Monday, Feb. 09, 1953
BEST OF BREED
Some 80 years ago, a German dogcatcher named Louis Dobermann determined to breed a new strain of dog that would combine the agility of a terrier, the strength of a shepherd and the grace of a greyhound. Assisted by two friends, a gravedigger and a bell ringer, Dobermann interbred pinschers, shepherds, rottweilers and black and tan terriers, to get an intelligent, powerful new breed that won distinction as a war dog in both World Wars and as a "seeing eye" for the blind.
This week a sleek, three-year-old descendant of "Dobermann's dogs," Mr. & Mrs. Len Carey's Doberman pinscher, Ch. Rancho Dobe's Storm (see cut opposite), defends the best-in-show title which he won last year in the annual Westminster Kennel Club competition at Madison Square Garden. The judge who last year picked Storm over the defending champion boxer, Bang Away of Sirrah Crest, called him "the greatest Doberman I've ever seen."

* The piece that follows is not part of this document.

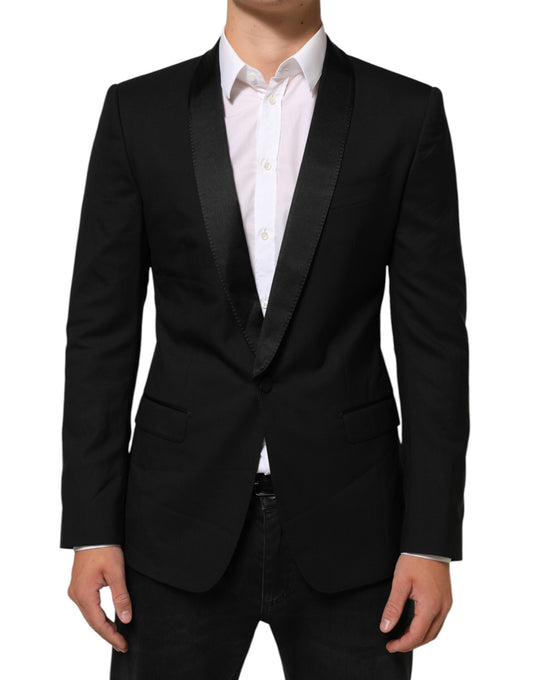 This Blazer by Dolce & Gabbana for men in polyester silk viscose & virgin wool black presents a tailored silhouette, meticulously tailored with a tailored lapel shawl-collar neckline and distinctive for a tailored finish.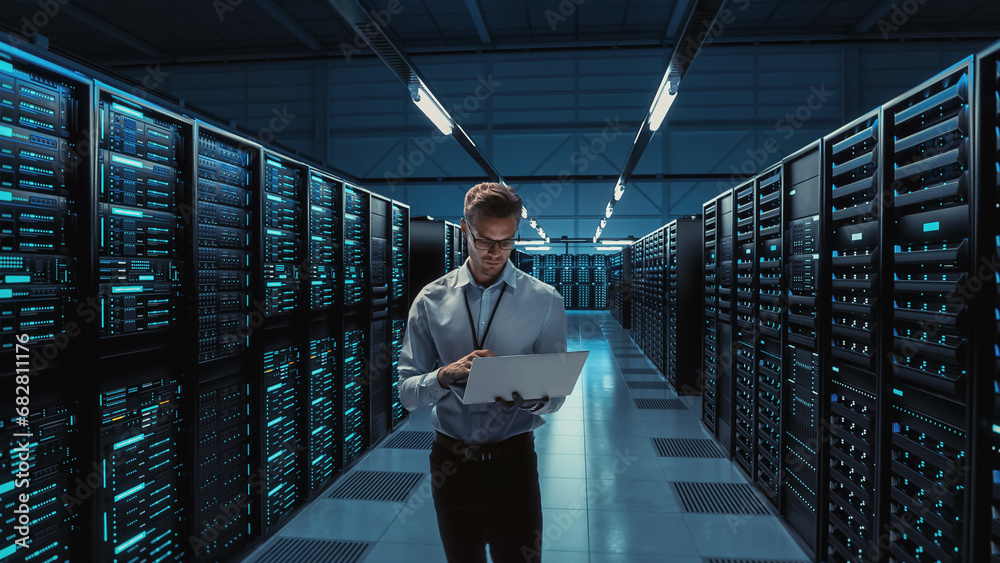 Poster futuristic concept: big data center chief technology officer holding laptop, standing in warehouse,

Also pictured on the following page are other 1952 bests-of-breed, most of whom will defend their blue-ribbon titles during the two-day Westminster show. Pointing eagerly toward this year's best-in-show award is the wire-haired fox terrier, four-year-old Ch. Wyretex Wyns Traveller of Trucote, owned by Mrs. Leonard Smit. Last May it beat the Doberman and won the nation's No. 2 classic, the Morris & Essex Show at Madison, NJ. Other breed champions: Pekingese Ch. Tai Chuo Sun of Dah Wong, owned by Sara F. Hodges and Aimee Ferret; Laura Franklin Delano's long-haired dachshund, Ch. Tytucker of Gypsy Barn; Mr. & Mrs. Steven G. Gillich's chowchow, Ch. Owhyo Wag-Gee (winner of 130 best-of-breed blue ribbons in four years); J. Stuart Walton's Ch. Lyn Mar's Clown (best basset hound at the Westminster show for the past three years).